Sunday, April 28, 2024

Modern Meeples in Search of a Soul: Tabletop and Jung

by | published Tuesday, August 15, 2023
A selection of cards, overlapping, from Mysterium

Someone in my boardgame Discord posted a link to an episode from This Jungian Life, a podcast by three American analysts who take a look at cultural and interpersonal issues through a Jungian lens. The episode is entitled GAMES: metaphor for life, and the OP said most of it contained pretty obvious observations about games–in the midst of which was a statement that games were a sociopathic activity because they allow us to be indifferent to our opponents’ loss or suffering as long as it’s within the bounds of rules.

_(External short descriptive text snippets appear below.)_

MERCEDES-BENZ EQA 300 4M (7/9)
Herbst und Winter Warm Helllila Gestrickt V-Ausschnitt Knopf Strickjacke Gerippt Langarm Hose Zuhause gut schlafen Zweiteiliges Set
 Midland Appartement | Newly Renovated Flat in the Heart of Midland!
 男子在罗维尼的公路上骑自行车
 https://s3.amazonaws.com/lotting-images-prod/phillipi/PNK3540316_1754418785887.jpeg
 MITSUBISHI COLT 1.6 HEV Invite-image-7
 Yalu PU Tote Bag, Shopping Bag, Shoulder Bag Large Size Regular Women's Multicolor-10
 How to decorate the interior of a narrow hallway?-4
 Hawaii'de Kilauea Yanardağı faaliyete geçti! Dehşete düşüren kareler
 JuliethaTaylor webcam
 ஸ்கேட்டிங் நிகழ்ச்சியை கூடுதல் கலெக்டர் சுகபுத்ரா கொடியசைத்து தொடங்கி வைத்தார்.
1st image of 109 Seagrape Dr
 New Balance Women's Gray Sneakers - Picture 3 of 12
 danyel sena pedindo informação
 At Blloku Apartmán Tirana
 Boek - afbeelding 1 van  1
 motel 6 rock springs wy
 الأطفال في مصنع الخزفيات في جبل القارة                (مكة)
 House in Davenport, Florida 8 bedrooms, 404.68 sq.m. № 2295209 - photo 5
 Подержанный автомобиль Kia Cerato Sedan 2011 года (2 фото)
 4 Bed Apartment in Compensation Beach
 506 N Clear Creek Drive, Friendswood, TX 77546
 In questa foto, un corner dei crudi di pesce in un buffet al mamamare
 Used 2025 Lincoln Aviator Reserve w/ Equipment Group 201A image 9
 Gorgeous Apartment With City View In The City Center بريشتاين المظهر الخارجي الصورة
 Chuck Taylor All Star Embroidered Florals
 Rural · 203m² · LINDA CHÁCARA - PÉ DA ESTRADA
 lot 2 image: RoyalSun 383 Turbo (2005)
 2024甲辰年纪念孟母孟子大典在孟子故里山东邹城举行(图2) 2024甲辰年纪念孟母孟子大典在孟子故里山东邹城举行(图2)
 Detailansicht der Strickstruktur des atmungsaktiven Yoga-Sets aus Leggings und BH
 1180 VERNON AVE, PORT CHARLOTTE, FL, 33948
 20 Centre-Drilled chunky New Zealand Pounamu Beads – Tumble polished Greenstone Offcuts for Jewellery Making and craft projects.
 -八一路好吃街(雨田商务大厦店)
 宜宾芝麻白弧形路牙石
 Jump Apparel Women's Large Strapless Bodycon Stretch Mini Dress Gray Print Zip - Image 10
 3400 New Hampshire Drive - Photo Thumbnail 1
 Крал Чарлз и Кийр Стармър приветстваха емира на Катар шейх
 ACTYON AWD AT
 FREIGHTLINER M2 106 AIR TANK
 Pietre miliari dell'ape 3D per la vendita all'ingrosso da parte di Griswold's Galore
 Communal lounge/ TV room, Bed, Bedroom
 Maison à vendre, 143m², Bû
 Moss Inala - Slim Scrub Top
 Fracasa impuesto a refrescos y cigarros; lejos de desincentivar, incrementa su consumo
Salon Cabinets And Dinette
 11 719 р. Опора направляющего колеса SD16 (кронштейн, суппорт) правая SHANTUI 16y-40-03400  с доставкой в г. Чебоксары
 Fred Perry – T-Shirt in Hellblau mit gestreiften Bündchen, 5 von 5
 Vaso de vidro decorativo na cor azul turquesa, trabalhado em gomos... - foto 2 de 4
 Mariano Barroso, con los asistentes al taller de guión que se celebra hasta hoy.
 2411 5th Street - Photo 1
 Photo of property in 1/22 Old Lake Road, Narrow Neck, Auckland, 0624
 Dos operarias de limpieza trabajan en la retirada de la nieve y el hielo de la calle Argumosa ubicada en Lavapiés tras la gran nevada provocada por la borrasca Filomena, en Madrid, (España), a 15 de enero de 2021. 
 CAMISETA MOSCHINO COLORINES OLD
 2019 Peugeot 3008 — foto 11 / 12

So obviously I had to check this out for myself. Were these Jungians really dumping on boardgames?

Me and Jung go pretty far back, actually. I was first introduced to his ideas back in high school English in the novel Fifth Business by Robertson Davies. I liked the book so much I read the rest of the trilogy it belonged to. A few years later I found myself working at Toronto’s only bookstore that specialized in psychiatry, psychology, and psychoanalysis (Caversham Booksellers), so I got to do a lot of free reading there as long as I didn’t get the books dirty. (I once had to pay for a copy of one of Camille Paglia’s books because I got hot and sour soup on it.)

What I liked about Jung’s philosophy is that it felt universal, in that it made connections between cultures both past and present to identify those tropes–he called them archetypes–that all human cultures share. Later I discovered Joseph Campbell’s Hero With A Thousand Faces which expanded on these universal narratives. 

So as I listened to the podcast episode, I heard far more nuance than just “games are for sociopaths”. Yes, the hosts do riff on how “gaming” is synonymous with trickery, betting on others’ suffering, exploiting others in order to satisfy the need for dominance, and allow us to distance ourselves from others by treating life “like a game”–as an abstraction–and so on. They discuss Greek mythology and the Book of Job as classic cases of The Gods meddling in human affairs for their own “gaming” purposes, quoting Gloucester from King Lear: “As flies to wanton boys are we to the gods; They kill us for their sport.”

There’s also some talk of society, culture, and economic systems as games. Game theory, an intersection of mathematics and economic theory, is brought up, with a basic explanation of The Prisoner’s Dilemma which left out the important point that the optimal solution to this problem depends on whether you are dealing with a one-off situation (which indeed favours “defection”) or repeated interactions (which has been shown both theoretically and empirically to be dominated by cooperative strategies). I can’t fault the Jungians for not knowing this–it’s outside their specialty–but it’s an important point.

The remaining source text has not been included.